Я попытался пошевелиться и едва не вскрикнул от боли. Склонившаяся к столу голова лежала на вытянутой, мучительно затекшей левой руке. Такой же давящей болью заныла неловко повёрнутая набок шея. Онемевшие пальцы правой руки продолжали судорожно сжимать запотевший "Паркер", упёршийся тонким шариком в исписанный лист бумаги, и я с трудом разжал их, сделав несколько осторожных движений, чтобы поскорее привести в чувства.
Музыка неожиданно замолкла, словно невидимый музыкант, заметив моё пробуждение, застыдился своей игры, но через десяток секунд заиграла вновь. Уже другая, настоящая, живая, исполняемая совершенно другими руками, от которой сладким волнением затрепетало сердце.

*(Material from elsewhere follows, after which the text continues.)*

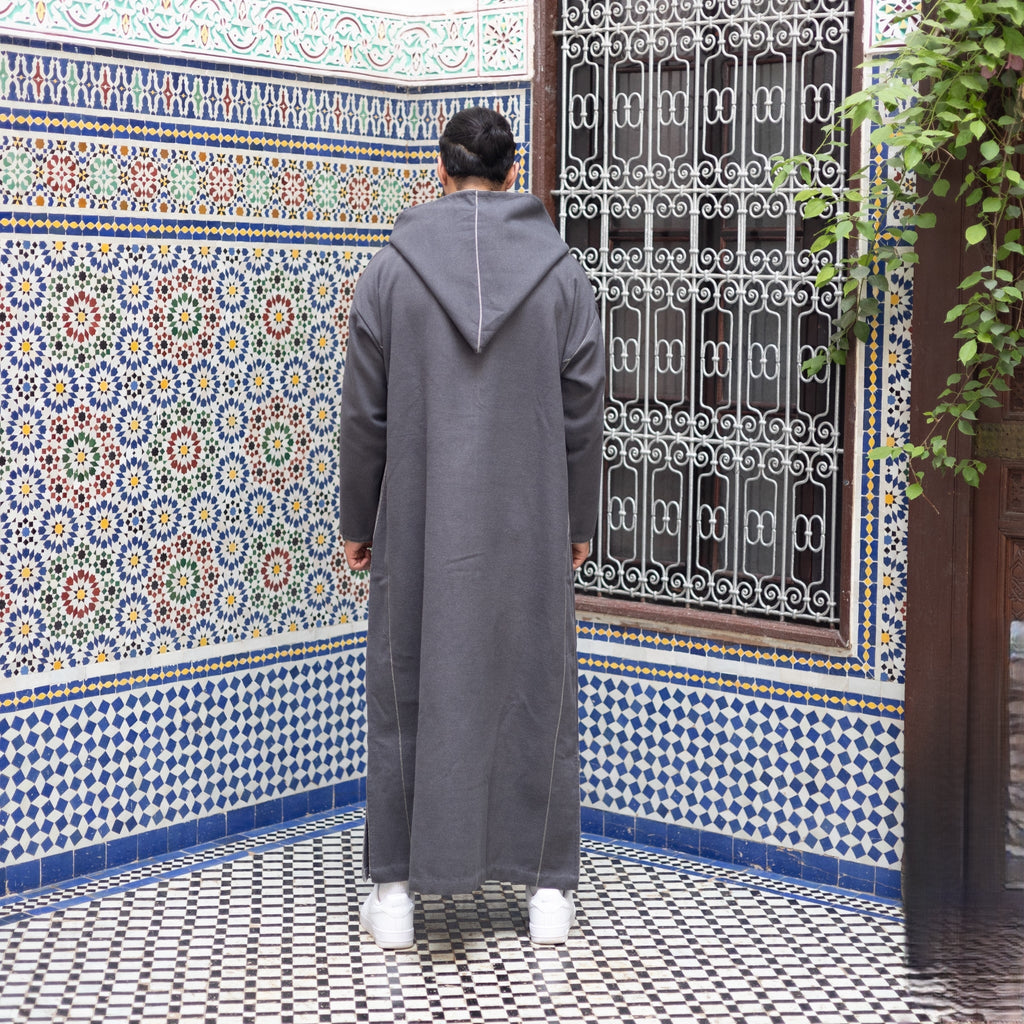 Grey Luxe Moroccan Thobe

Негромкая Шопеновская баллада рассказывала о любви, трепетно чистой, искренней и безыскусно открытой, подобно тому, как фарфоровая Луиза протягивала безвестному возлюбленному хрупкий, алый цветок, в который вплела всю свою душу и сердце. Сквозь толстые стены я слышал затаённую грусть одиночества и нестерпимое желание встречи со мной, я видел истосковавшиеся пальцы, касающиеся чёрно-белых клавиш, милые плечи, по которым успел сильно соскучиться и волны русых волос, бегущих по этим плечам той же прелестной, волнующей музыкой.

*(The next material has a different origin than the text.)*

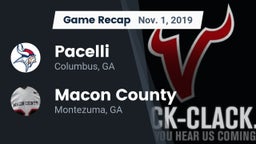 Recap: Pacelli  vs. Macon County  2019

Фиолетово-синее небо тонуло в ледяной тьме, уже кое-где зажигались первые звёзды и снег за окнами светился сиреневым, призрачно холодным сиянием. Я остановился в распахнутых дверях зала, едва переводя дыхание от быстрой ходьбы, пытаясь унять волнение, стараясь не шевелиться и ничем не выдать своё присутствие, но Лиза словно услыхала громкий стук моего сердца. Оборвав едва взятую ноту, она обернулась, сияя ослепительно счастливой улыбкой, встала, сделала несколько шагов в мою сторону. В столовой за приоткрытой дверью уже накрывали стол к вечернему чаю, Софья сидела здесь же в зале с прежней книгой в руках и нам ничего не оставалось, как остановиться на положенном расстоянии, неотрывно глядя друг другу в глаза.

-- Как Вы себя чувствуете, Елизавета Яковлевна? Отдохнули после хлопот и нашей прогулки?
-- Да, лишь самую малость... -- она на секунду опустила искрящийся взгляд и в неподвижной, сумеречной тишине безмолвно прозвучало недосказанное.

"Боже, как же я истосковалась. Как хорошо, когда вы рядом, и как одиноко, когда Вас нет..."

Я улыбнулся в ответ, незаметно протянул в её сторону раскрытую ладонь. Лиза легко дотронулась до неё кончиками пальцев и этого тайного прикосновения оказалось достаточно, чтобы наполнить наши влюблённые сердца невероятнейшим счастьем.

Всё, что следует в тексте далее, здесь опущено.